Tahun 2004, WWF memperkenalkan Tim
Patroli Gajah Flying Squad pertama di
Desa Lubuk Kembang Bunga yang berada di sekitar Taman Nasional Tesso Nilo yang
baru ditetapkan. Tim ini, yang terdiri dari sembilan pawang dan empat gajah
latih, mengarahkan gajah-gajah liar untuk kembali ke hutan apabila mereka
memasuki ladang maupun kebun milik masyarakat desa tersebut. Sejak mulai
beroperasi, Tim Flying Squad Tesso
Nilo berhasil mengurangi kerugian ekonomi yang dialami masyarakat setempat yang
timbul akibat serangan gajah dan mencegah pembunuhan gajah akibat konflik.
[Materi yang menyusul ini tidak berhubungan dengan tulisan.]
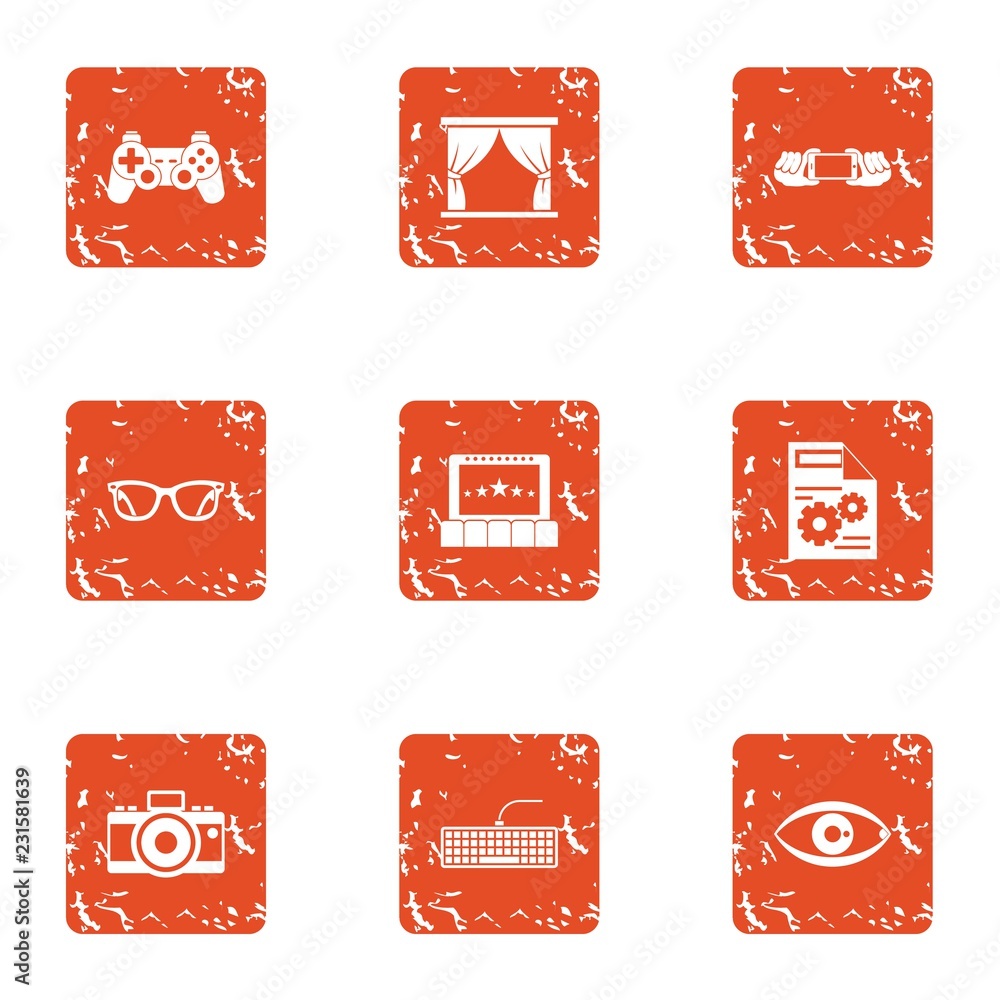 Poster lense icons set. grunge set of 9 lense vector icons for web isolated on white background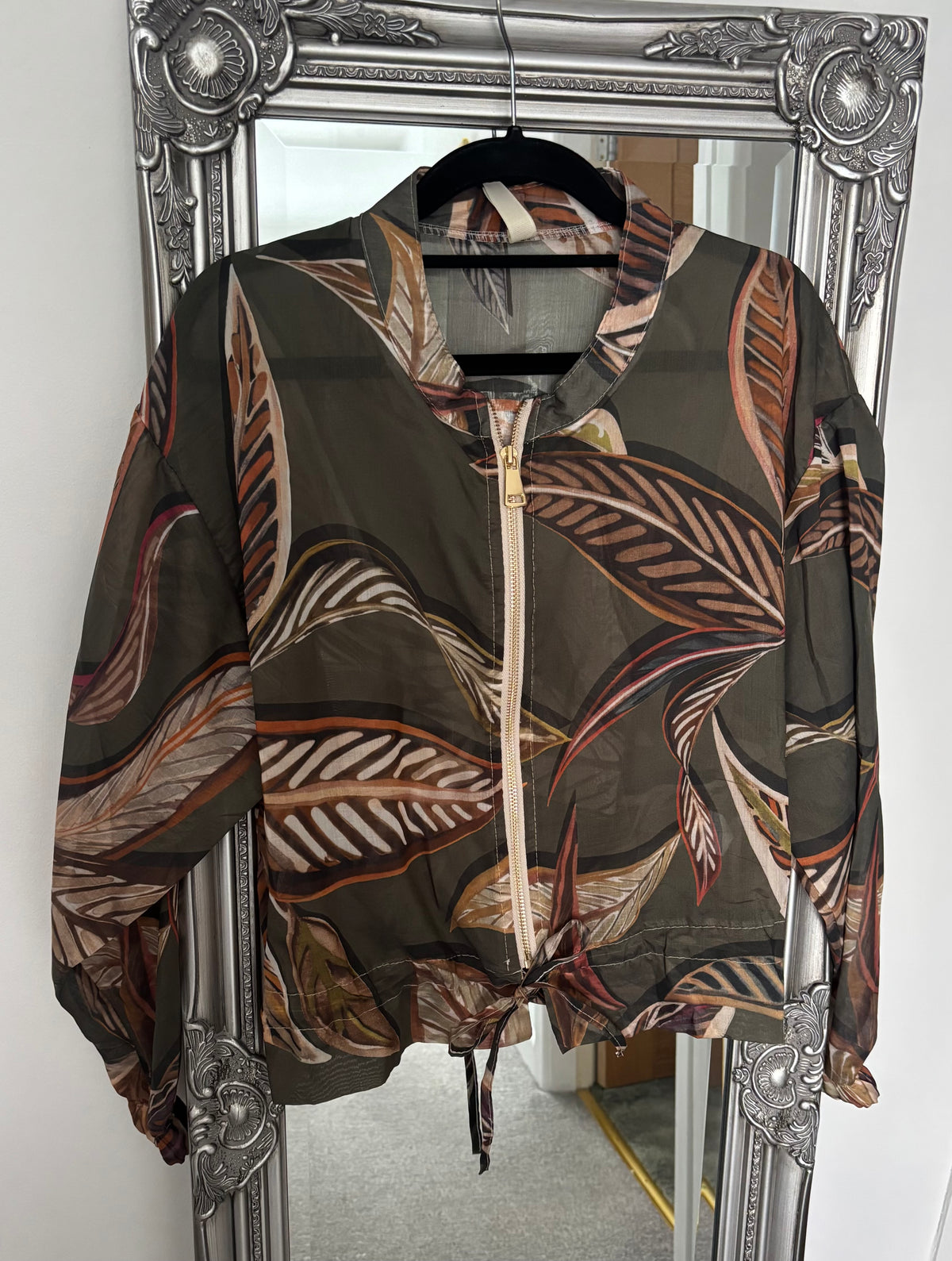 Leaf Print Chiffon Zip Jacket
Kegiatan-kegiatan tersebut tentu saja menjadi langkah yang tepat dalam
melindungi satwa yang sedang menuju tahap kepunahan. Selain dari itu,terdapat
juga langkah-langkah yang harus dilakukan penduduk yang hidup dekat dengan
habitat gajah, seperti selalu memperhatikan kebun milik mereka dan selalu
membersihkan kebun dari semak belukar karena pada umumnya gajah senang berada
di semak belukar untuk tempat berlindung diri. Bagi perusahaan besar yang
memiliki area perkebunan yang dekat dengan habitat gajah, sebaiknya membangun
menara pengintai serta kanal dengan ukuran lebar dasar 2 m serta tinggi dinding
3 m, dimana salah satu dindingnya dibuat miring 30%. Hal-hal tersebut sangat
dianjurkan untuk dilakukan oleh perusahaan besar yang memiliki konflik dengan
gajah liar, sehingga perusahaan tidak perlu melakukan penebangan liar tanpa
kembali mempebaiki hutan yang menjadi habitat dari gajah. Keikutsertaan
pemerintah dalam upaya menjaga lingkungan dari kerusakan juga dibutuhkan agar
nantinya angka kepunahan gajah menjadi kecil, dengan cara memberlakukan undang-undang
perlindungan satwa liar juga perlindungan hutan lindung dengan tepat dan tegas.